I encourage you to keep track of how you spend your time for one week. You can use this time management sheet (PDF). You can keep track of everything, but most specifically your discretionary time.
For example, time spent:
eating (will be easy to keep track of on a day you fast!)
talking with wife
playing with kids
reading to kids
working around house
small talk (phone or together) with friends
reading books (designate which)
email reading and responding
Break down time spent in terms of:
sports—football, etc. (be specific, which games, etc., and the total time for each so you can add up)
regular programming (probably helpful to break it down: e.g. Lost, 1 hour, Rerun of 24, 1 hour, Star Trek reruns, 2 hours, etc.)
movies (on TV, or DVD, video), 4 hours; name the movie as a reminder
Be able to add up your specifics to a total in each category, rather than just estimating a total (because we always underestimate). Of course, you can sometimes do two things at once, e.g. listen to radio (or Scripture audio) while driving, or exercising while reading (I often do this on my stationary bike) or watching TV. In that case, just note you did two things at once and credit the time spent to both of them.

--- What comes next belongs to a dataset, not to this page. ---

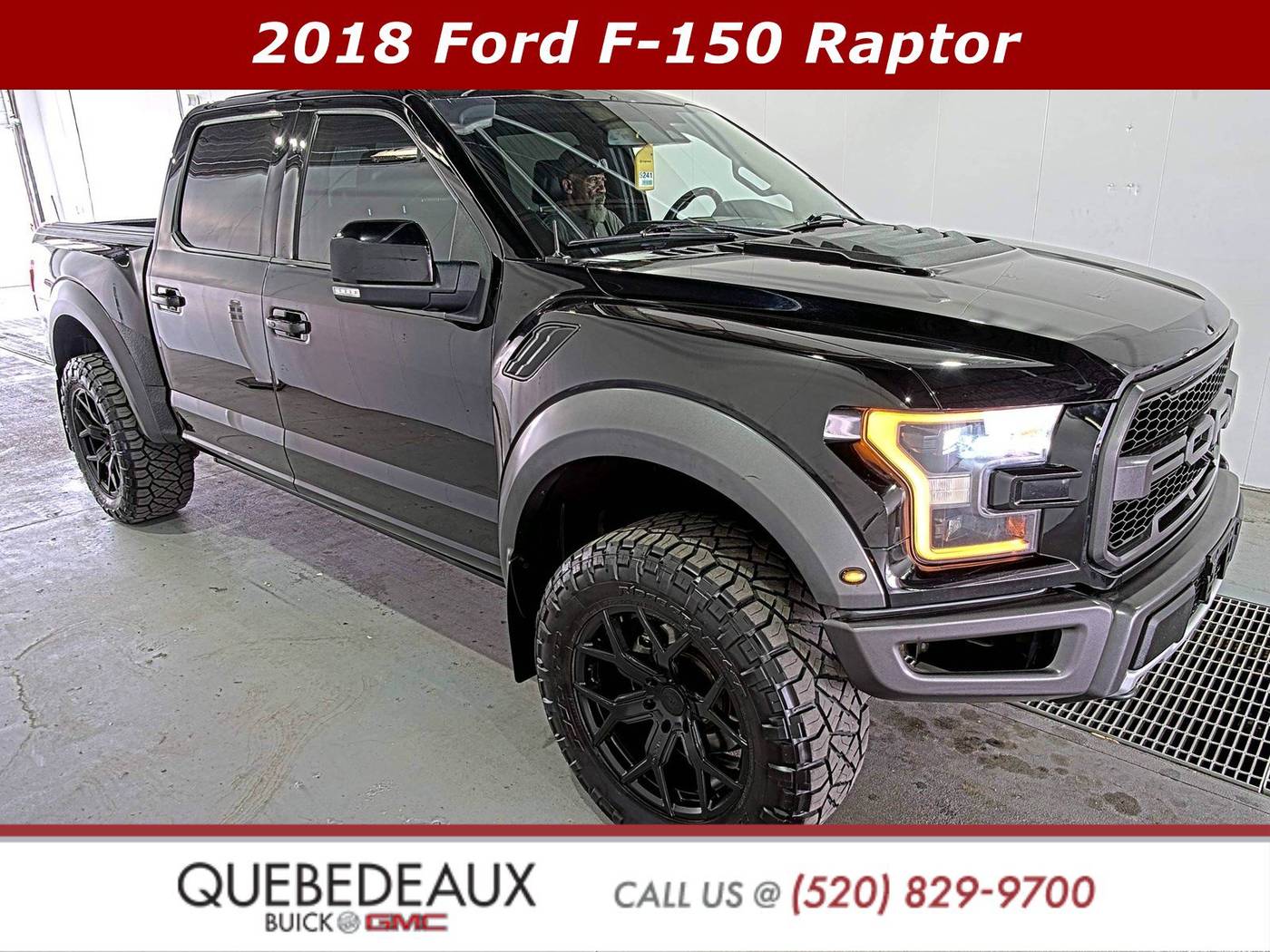 2018 Ford F-150 Raptor — Pickup Truck — 108,021 mi — Tucson, AZ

When we keep track of how we spend our time, it makes us better stewards because we become aware of what we otherwise don’t really know. For example, people normally watch far more TV than they think. Becoming aware is the first step of stewardship, which puts us in a position to decide “I want to spend more time reading some great books and talking with my wife and reading to my kids, and to steward this time I can reduce my television watching by 10 hours each week.” Again, we won’t do this without a clear picture of how we’re currently spending our time.
When I was talking to my wife Nanci about this, she reminded me that when she had allergy issues, she was supposed to write down each and every thing she ate for several weeks. She found this very helpful. As with eating, when it comes to how you spend your time, simply knowing what you’re actually doing makes a huge difference in your ability to evaluate and make positive God-glorifying changes.